DIRECTIONS FOR THIS TASK:
Write out exactly, please, the lines from the one containing "KDP gives you" to the end of the material.

=== Begin Enclosure ===

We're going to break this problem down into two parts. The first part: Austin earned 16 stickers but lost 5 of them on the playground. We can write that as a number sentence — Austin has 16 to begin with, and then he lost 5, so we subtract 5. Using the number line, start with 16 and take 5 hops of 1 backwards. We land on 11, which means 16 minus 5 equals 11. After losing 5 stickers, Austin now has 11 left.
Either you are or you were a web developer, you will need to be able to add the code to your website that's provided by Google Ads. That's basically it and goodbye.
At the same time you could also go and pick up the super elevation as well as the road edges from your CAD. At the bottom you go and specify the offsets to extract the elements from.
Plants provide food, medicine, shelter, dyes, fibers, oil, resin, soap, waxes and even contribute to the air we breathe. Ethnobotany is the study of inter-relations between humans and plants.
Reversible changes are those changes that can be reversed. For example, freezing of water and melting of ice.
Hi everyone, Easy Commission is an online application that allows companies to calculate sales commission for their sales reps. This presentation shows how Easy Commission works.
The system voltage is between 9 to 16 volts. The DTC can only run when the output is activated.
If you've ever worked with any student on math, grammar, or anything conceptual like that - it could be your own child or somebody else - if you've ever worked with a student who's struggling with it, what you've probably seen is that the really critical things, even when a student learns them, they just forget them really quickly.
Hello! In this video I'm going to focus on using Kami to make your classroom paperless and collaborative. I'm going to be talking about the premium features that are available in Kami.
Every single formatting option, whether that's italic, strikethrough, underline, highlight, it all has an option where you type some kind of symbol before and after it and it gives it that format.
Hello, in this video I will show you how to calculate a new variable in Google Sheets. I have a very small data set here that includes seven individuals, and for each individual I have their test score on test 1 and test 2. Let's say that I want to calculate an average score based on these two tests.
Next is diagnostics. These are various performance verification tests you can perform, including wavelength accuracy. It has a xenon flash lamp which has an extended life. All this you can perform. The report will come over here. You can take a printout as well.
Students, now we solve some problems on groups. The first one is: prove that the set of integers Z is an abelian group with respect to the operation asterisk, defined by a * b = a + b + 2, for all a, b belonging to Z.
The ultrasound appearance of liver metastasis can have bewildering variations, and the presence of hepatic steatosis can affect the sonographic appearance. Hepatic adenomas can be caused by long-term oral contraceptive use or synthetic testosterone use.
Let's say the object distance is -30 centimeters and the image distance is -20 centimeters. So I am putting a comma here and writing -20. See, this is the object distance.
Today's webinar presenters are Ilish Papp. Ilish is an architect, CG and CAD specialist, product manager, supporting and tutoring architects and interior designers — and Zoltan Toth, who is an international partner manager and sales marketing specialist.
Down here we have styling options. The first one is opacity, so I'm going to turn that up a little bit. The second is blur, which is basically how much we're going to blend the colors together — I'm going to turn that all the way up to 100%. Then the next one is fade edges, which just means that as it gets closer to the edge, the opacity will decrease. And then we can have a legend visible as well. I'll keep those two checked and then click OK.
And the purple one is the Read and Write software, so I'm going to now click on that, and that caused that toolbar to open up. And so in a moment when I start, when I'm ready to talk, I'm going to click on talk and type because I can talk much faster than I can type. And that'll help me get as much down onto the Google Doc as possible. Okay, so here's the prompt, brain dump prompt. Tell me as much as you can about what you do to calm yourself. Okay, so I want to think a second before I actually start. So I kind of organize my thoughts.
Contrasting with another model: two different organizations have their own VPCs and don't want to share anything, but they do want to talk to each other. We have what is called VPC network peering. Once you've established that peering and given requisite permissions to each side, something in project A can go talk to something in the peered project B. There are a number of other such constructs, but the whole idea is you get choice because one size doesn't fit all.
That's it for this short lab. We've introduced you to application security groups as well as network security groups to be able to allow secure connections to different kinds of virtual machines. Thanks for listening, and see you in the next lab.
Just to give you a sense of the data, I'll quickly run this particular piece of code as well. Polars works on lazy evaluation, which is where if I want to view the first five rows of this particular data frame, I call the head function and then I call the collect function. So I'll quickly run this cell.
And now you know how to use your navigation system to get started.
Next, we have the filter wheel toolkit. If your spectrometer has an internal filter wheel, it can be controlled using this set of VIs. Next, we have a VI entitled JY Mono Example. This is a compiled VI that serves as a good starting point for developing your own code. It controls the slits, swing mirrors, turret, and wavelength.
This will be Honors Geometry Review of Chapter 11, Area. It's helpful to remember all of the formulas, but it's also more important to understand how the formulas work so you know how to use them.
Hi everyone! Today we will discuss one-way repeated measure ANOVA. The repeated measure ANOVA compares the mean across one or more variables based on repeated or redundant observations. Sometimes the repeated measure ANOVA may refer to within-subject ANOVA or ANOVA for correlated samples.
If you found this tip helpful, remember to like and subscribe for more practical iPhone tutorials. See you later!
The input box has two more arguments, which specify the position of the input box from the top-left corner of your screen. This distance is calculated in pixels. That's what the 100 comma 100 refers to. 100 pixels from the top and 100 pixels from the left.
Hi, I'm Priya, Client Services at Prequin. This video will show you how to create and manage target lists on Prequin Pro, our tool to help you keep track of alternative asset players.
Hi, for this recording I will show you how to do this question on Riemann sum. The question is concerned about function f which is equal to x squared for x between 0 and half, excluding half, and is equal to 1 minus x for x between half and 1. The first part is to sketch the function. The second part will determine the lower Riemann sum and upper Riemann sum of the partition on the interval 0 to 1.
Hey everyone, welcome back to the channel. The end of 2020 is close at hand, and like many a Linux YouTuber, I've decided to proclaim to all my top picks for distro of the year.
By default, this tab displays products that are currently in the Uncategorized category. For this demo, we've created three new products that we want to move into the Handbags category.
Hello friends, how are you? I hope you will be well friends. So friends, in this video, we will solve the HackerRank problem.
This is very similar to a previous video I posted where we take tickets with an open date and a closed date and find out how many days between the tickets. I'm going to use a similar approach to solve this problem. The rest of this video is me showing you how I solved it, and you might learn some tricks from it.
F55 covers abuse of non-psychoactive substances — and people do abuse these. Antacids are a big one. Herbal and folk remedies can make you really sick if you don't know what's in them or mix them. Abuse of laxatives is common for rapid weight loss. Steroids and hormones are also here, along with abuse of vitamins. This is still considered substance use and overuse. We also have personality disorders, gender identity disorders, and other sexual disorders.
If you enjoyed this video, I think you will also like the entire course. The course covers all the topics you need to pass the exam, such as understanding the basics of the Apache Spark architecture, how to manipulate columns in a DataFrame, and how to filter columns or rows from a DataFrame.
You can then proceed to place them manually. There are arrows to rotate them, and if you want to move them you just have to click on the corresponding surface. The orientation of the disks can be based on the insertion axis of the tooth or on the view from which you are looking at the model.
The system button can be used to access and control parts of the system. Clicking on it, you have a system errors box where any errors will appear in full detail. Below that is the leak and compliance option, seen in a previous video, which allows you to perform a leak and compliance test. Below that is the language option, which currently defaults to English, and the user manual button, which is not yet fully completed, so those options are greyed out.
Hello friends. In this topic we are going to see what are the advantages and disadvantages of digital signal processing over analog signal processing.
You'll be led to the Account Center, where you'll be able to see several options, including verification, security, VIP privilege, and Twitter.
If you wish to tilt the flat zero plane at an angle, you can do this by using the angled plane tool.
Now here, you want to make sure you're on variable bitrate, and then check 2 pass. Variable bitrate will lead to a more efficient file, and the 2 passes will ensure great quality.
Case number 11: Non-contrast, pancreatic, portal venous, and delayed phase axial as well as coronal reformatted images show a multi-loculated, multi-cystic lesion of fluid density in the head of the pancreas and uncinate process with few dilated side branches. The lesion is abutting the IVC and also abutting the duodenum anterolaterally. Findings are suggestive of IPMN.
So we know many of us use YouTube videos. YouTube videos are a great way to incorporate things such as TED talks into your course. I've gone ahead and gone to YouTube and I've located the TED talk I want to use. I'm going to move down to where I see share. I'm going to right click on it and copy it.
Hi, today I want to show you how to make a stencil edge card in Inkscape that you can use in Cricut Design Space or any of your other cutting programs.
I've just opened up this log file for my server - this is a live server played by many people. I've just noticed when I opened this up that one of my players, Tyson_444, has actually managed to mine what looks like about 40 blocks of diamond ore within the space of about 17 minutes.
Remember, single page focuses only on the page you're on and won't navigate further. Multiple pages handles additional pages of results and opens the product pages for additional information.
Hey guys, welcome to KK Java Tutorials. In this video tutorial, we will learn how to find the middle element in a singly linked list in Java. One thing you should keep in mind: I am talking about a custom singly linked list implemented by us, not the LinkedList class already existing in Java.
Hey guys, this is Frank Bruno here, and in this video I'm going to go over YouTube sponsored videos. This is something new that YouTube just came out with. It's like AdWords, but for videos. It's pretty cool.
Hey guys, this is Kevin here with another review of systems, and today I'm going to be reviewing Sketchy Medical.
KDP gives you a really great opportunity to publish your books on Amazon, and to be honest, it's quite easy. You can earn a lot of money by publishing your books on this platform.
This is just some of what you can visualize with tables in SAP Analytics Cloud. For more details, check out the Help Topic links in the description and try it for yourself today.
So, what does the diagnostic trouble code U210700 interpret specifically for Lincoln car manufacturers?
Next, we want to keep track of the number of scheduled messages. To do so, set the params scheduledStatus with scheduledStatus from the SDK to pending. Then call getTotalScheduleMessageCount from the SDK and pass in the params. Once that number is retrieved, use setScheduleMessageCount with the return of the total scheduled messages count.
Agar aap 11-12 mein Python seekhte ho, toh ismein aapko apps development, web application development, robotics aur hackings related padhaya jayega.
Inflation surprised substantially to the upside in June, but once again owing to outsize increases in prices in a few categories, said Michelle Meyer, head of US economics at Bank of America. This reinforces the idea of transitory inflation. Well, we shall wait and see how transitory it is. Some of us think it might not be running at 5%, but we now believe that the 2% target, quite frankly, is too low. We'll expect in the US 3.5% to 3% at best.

=== End Enclosure ===

YOUR SOLUTION:
KDP gives you a really great opportunity to publish your books on Amazon, and to be honest, it's quite easy. You can earn a lot of money by publishing your books on this platform.
This is just some of what you can visualize with tables in SAP Analytics Cloud. For more details, check out the Help Topic links in the description and try it for yourself today.
So, what does the diagnostic trouble code U210700 interpret specifically for Lincoln car manufacturers?
Next, we want to keep track of the number of scheduled messages. To do so, set the params scheduledStatus with scheduledStatus from the SDK to pending. Then call getTotalScheduleMessageCount from the SDK and pass in the params. Once that number is retrieved, use setScheduleMessageCount with the return of the total scheduled messages count.
Agar aap 11-12 mein Python seekhte ho, toh ismein aapko apps development, web application development, robotics aur hackings related padhaya jayega.
Inflation surprised substantially to the upside in June, but once again owing to outsize increases in prices in a few categories, said Michelle Meyer, head of US economics at Bank of America. This reinforces the idea of transitory inflation. Well, we shall wait and see how transitory it is. Some of us think it might not be running at 5%, but we now believe that the 2% target, quite frankly, is too low. We'll expect in the US 3.5% to 3% at best.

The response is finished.